This procedure explains how to perform calibration for multiple Intel® Gaudi® nodes with more than 8 cards. It requires execution within a Gaudi Pytorch container.

As an example, we use the Llama 3.1 405B model running in tensor parallelism 16 mode spanning two Intel® Gaudi® 2 nodes.

Prerequisites

Before you start:

  • Familiarize with notes and recommendations.
  • Ensure that all nodes in your multi-node setup are connected to an Network File System (NFS) mount.
  • Ensure you have a multi-node configuration with more than 8 cards.

Calibration procedure

To perform calibration, follow these steps in a Gaudi Pytorch container.

  1. Build and install the latest version of vLLM Hardware Plugin for Intel® Gaudi® by following the Installation procedure.

  2. Create workspace directory on NFS, clone the calibration scripts repository, and create an empty quant_config_buffer.json file in the calibration directory.

    mkdir <nfs-mount-path>/my_workspace && cd <nfs-mount-path>/my_workspace
    git clone https://github.com/vllm-project/vllm-gaudi
    cd vllm-gaudi/calibration
    pip install -r requirements.txt
    touch quant_config_buffer.json
    
  3. Check if all Intel® Gaudi® NIC ports are up and running by using the following commands on the host, not inside the container.

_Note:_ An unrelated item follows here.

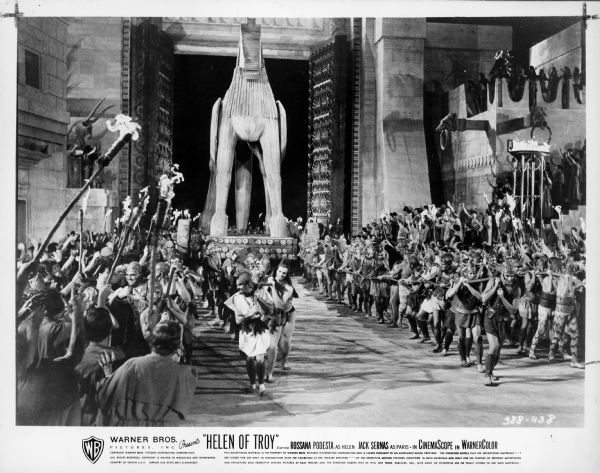 "Helen of Troy" Film Still A large group of men are pulling the wooden Trojan horse through a large gate, and into the city of Troy, as people cheer in a scene from the film Helen of Troy.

    cd /opt/habanalabs/qual/gaudi2/bin 
    ./manage_network_ifs.sh --status 
    # All the ports should be in the 'up' state, you may try flipping the state
    ./manage_network_ifs.sh --down 
    ./manage_network_ifs.sh --up
    # Give it a minute for the NIC to flip and check the status again
    
  4. Set the following environment variables for all nodes to verify the network interface for inbound and outbound communication.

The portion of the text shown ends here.